14.12.2021

Austrian economy defies pandemic to remain on growth track

  • Headwind from higher infection rates, supply bottlenecks and rising inflation fails to rattle global pandemic recovery but global economic growth set to be weaker in 2022 than 2021
  • Continued recovery following lockdown and resolution of supply bottlenecks set to deliver economic growth of 4.5% in Austria in 2022, compared with 5.0% for 2021; GDP growth of 3.0% expected for 2023
  • Labour market situation eases: Unemployment rate in Austria set to fall from average of 8.1% for 2021 and improve on pre-crisis levels with 7.3% in 2022 and 6.9% in 2023 
  • Inflation likely to reach ten-year high of 3.3% in Austria in 2022 but energy prices and resolution of supply bottlenecks set to reverse trend 
  • Inflation in Austria expected to fall to 1.5% 2023
  • Monetary policy shift on horizon: Fed set to raise key interest rates from H2 2022; ECB putting brakes on securities purchases but rate hike not expected until 2024
  • Economic risks unusually high due to the pandemic, supply bottlenecks, concerns about Chinese economy and uncertainty driving consumer restraint among private consumers and companies 

Against the backdrop of the strong recovery expected over the coming two years, the Austrian economy as a whole is set not only to recover its pandemic-related losses by the end of 2023 but also to deliver economic output of 6% more than the 2019 level and thus close the gap on the growth trend that was apparent before the pandemic hit.
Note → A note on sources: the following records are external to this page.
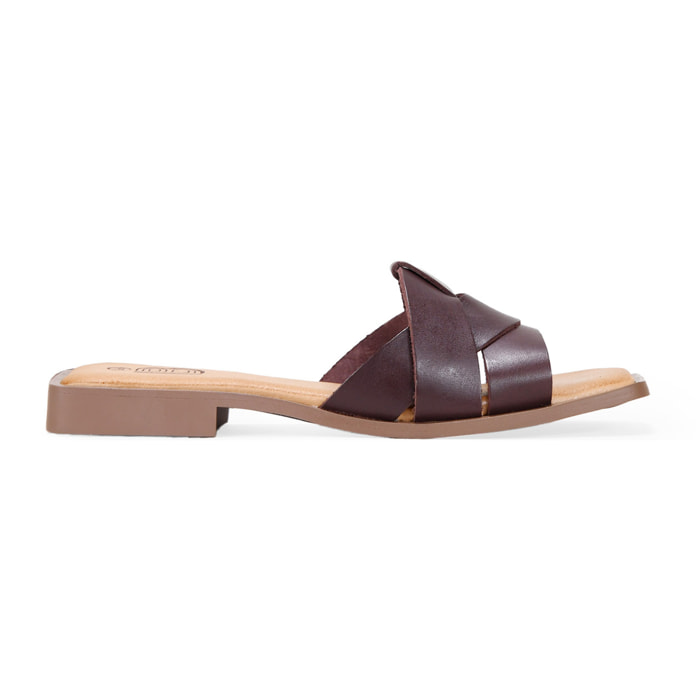 Sandalias planas marrones en piel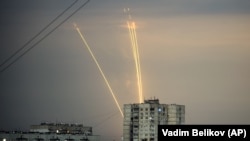 Sulmet me raketa ruse në Harkiv të Ukrainës më 15 gusht 2022.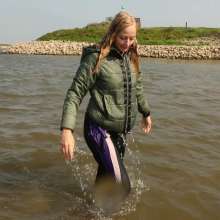 eileenvogel: W464 Eileen layered outfit in the river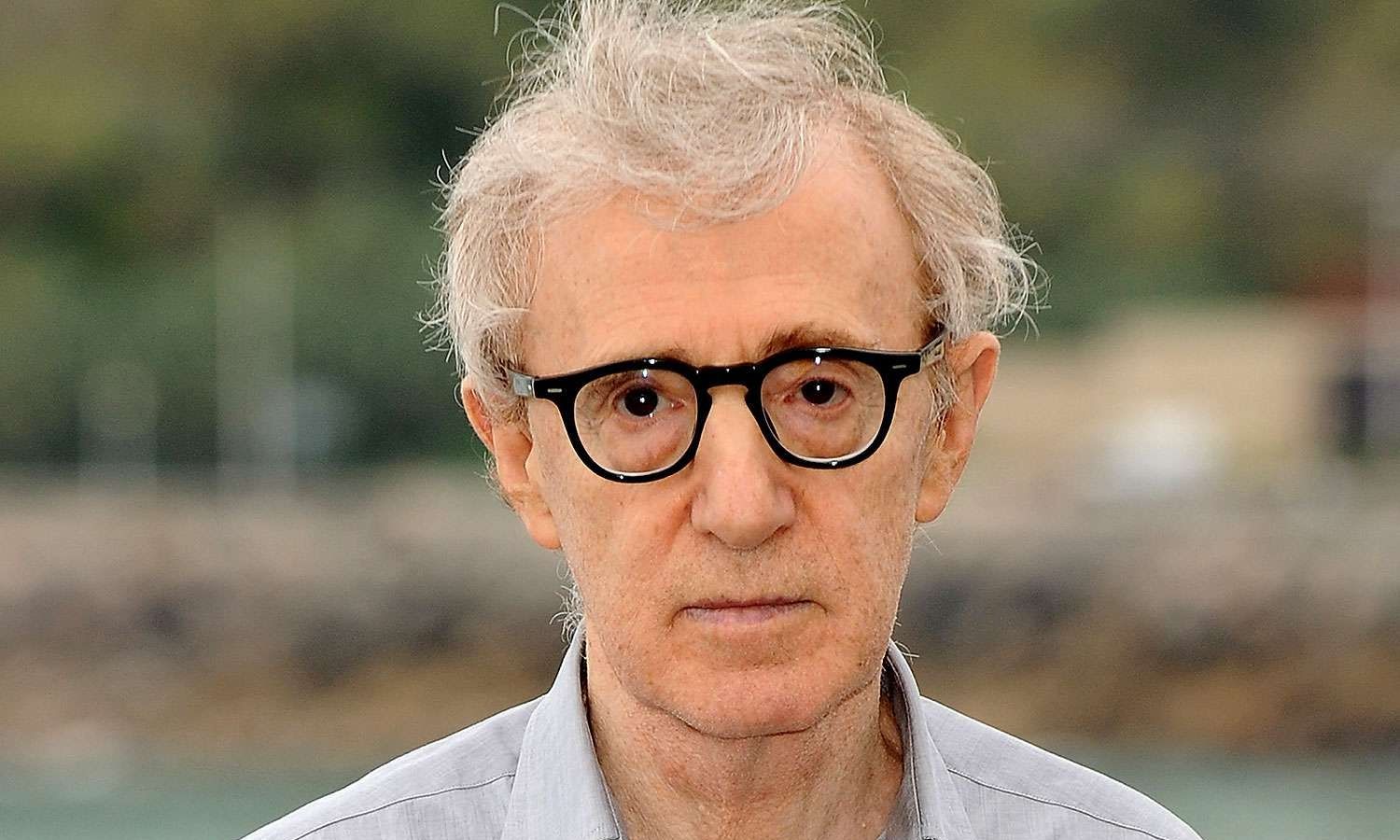 Ο Γούντι Άλεν γίνεται 90-Η ζωή, οι ταινίες & τα σκάνδαλα του ανθρώπου που σημάδεψε τον κινηματογράφο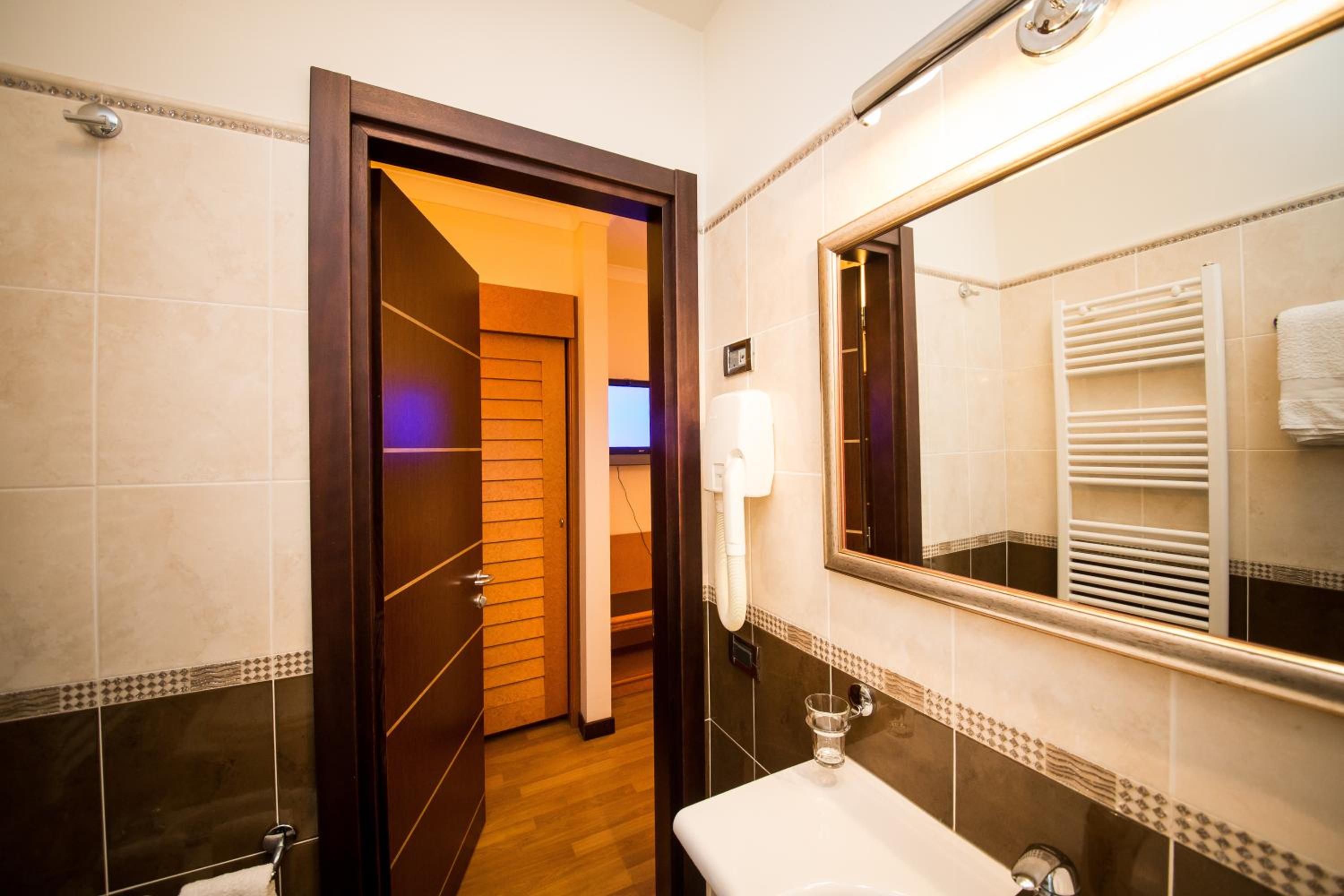 Double Room - Photo 5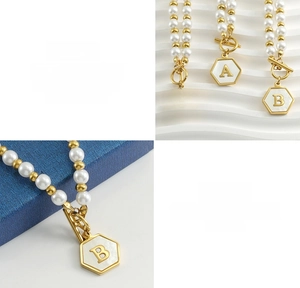 Détail macro de pendentifs hexagonaux en perle avec collier à boucle OT en acier titane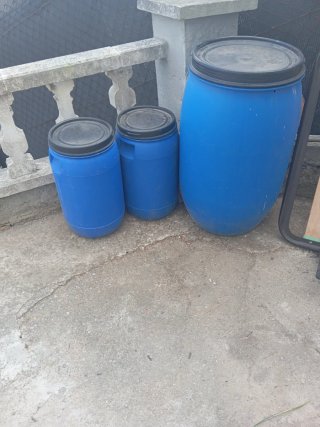 Bidones de plástico azul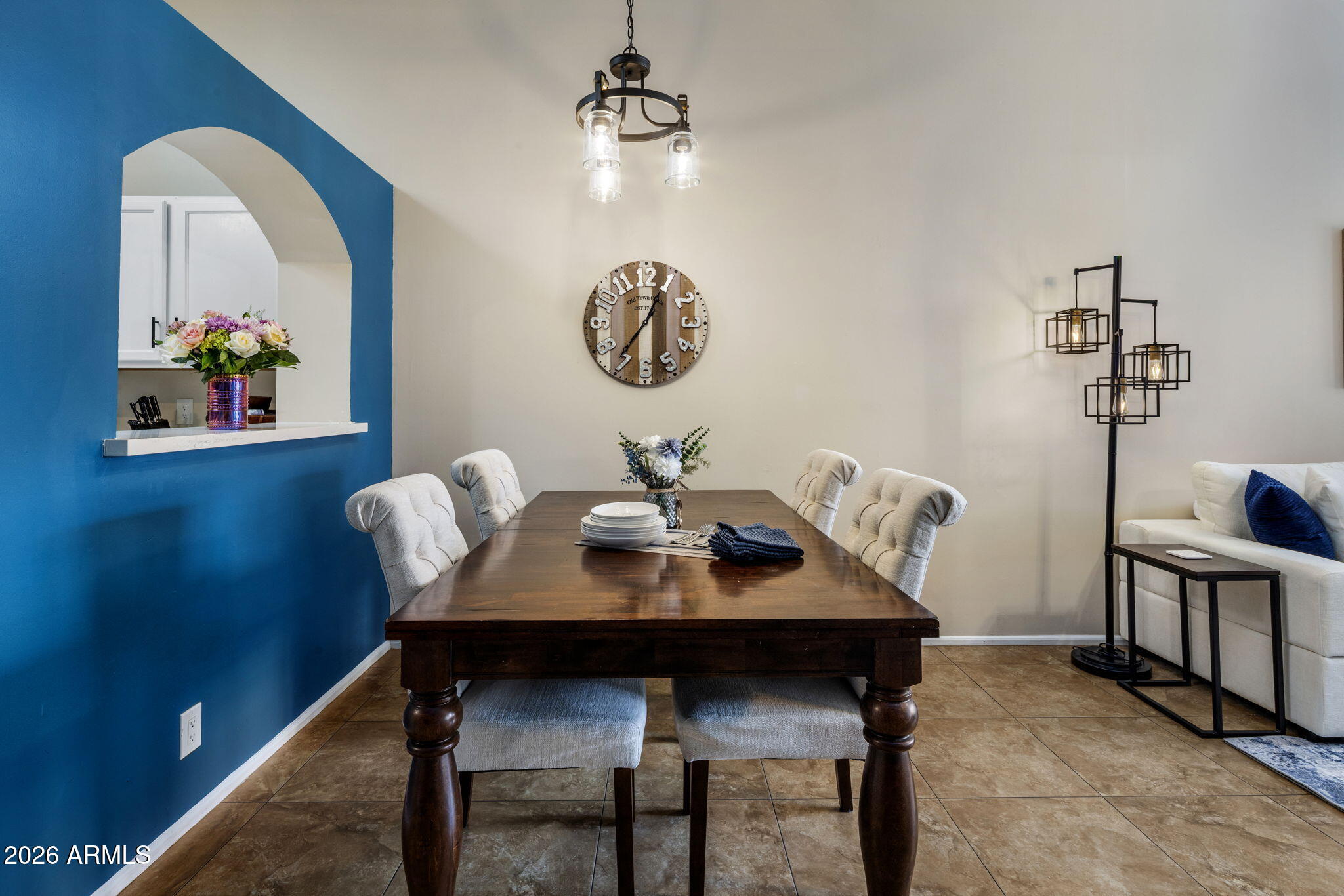 338 N HERITAGE Drive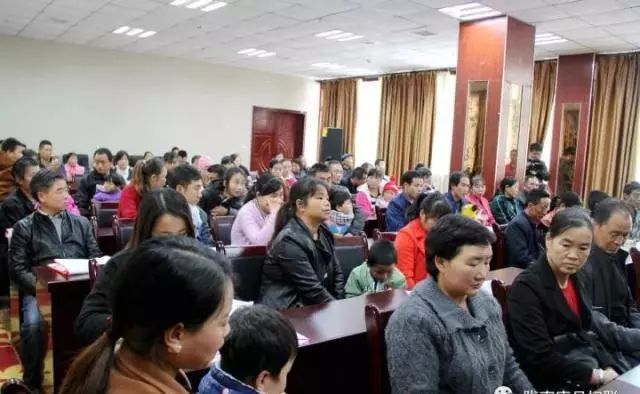 脑瘫儿童爱心公益活动,关爱困境妇女儿童基金募捐倡议书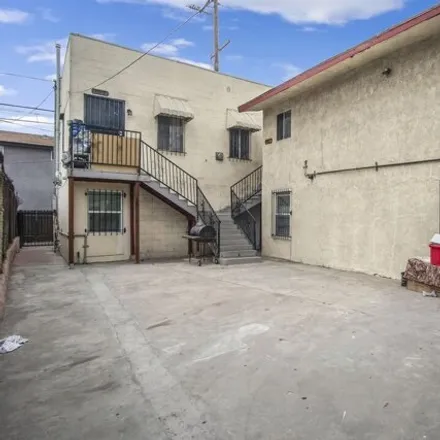 Image 7 - 582 East 43rd Place, Los Angeles, CA 90011, USA - House for sale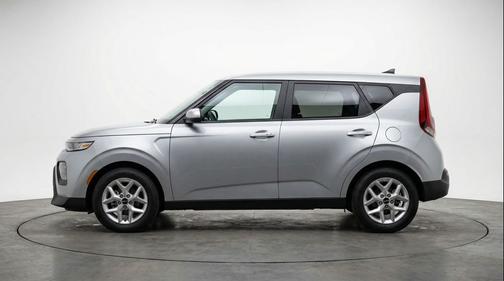 Steel Gray 2025 Kia Soul LX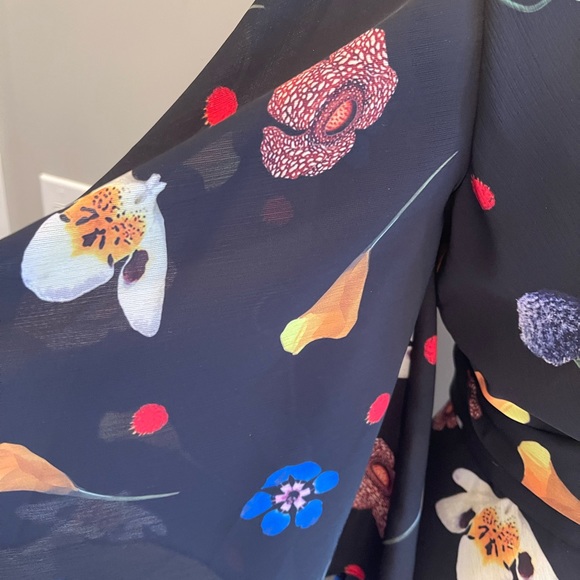 NWT Solace London floral wrap dress 🌸 - Picture 4 of 7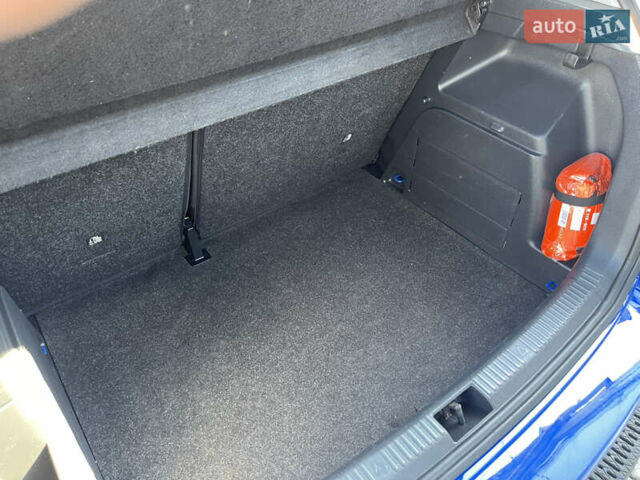 Синий Шкода Фабия, объемом двигателя 0 л и пробегом 128 тыс. км за 9450 $, фото 25 на Automoto.ua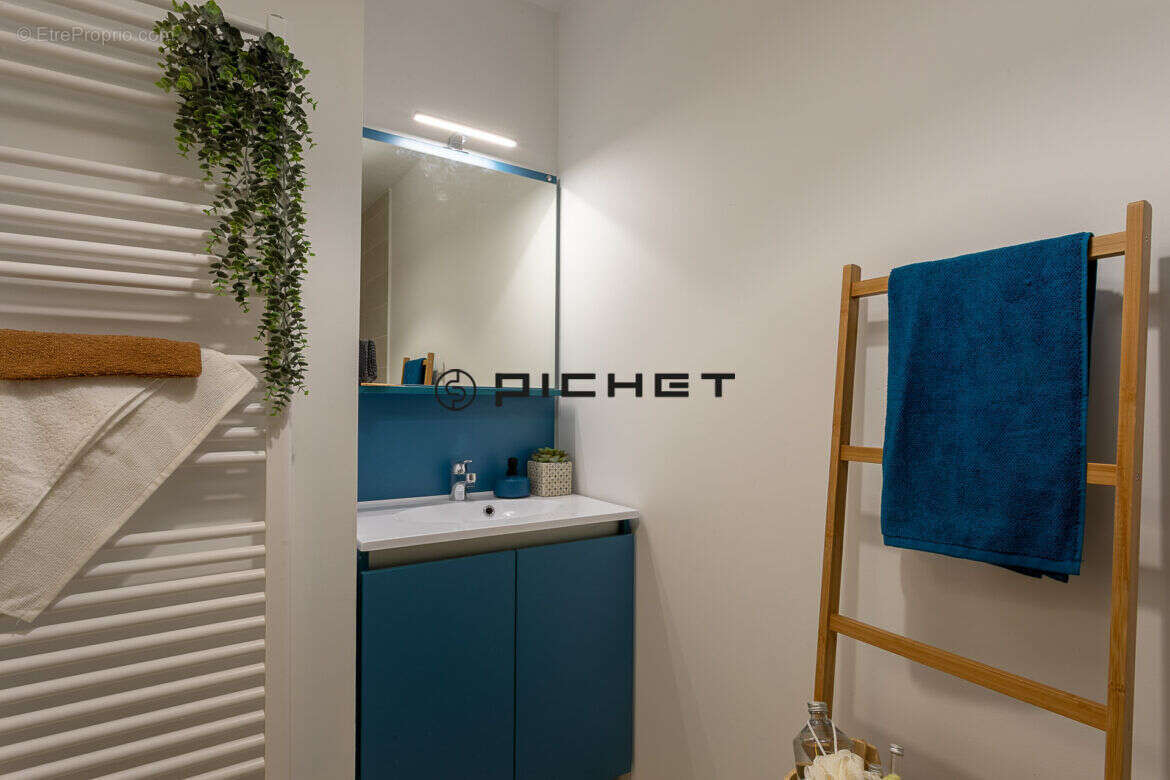 Appartement à BELBERAUD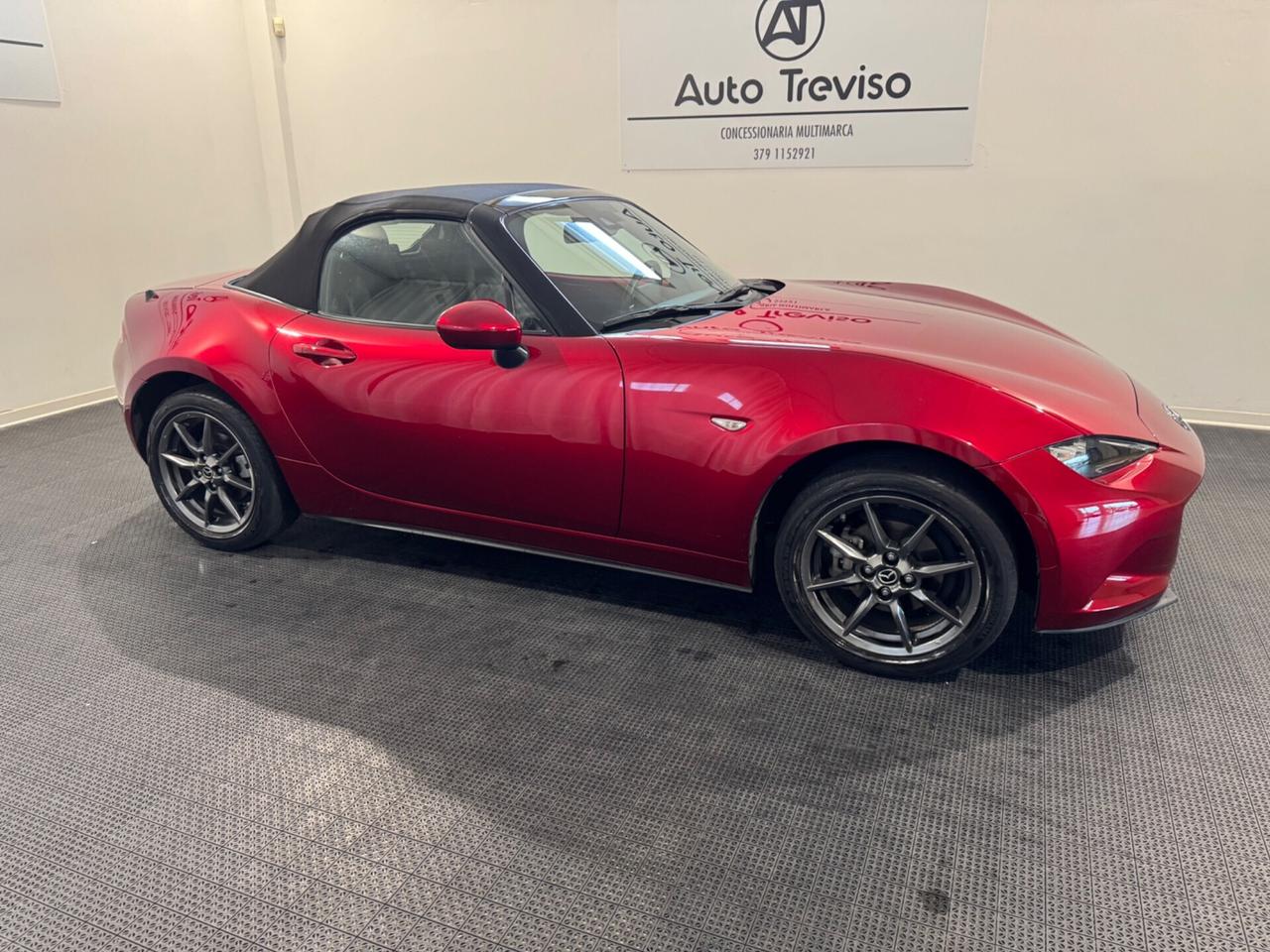 Mazda MX-5 1.5L Skyactiv-G Exceed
Unlike the financial crisis of 2008/2009, the coronavirus crisis will not have a long-term impact on the economy. 

"Following an expected 5% increase in GDP for 2021, we anticipate that the upswing out of the pandemic will continue strongly in 2022 with economic growth of 4.5%; momentum is also likely to remain above average in 2023 at 3%", says UniCredit Bank Austria Chief Economist Stefan Bruckbauer. Over the coming year growth will be driven largely by private consumers, supported by catch-up effects, positive employment trends and a tail-off in the savings rate. By the end of 2023, however, some of the services sectors that were particularly badly hit, especially the hospitality sector, will be lagging well behind the most successful sectors of the industrial economy, such as metal production and processing, electrical engineering and construction. 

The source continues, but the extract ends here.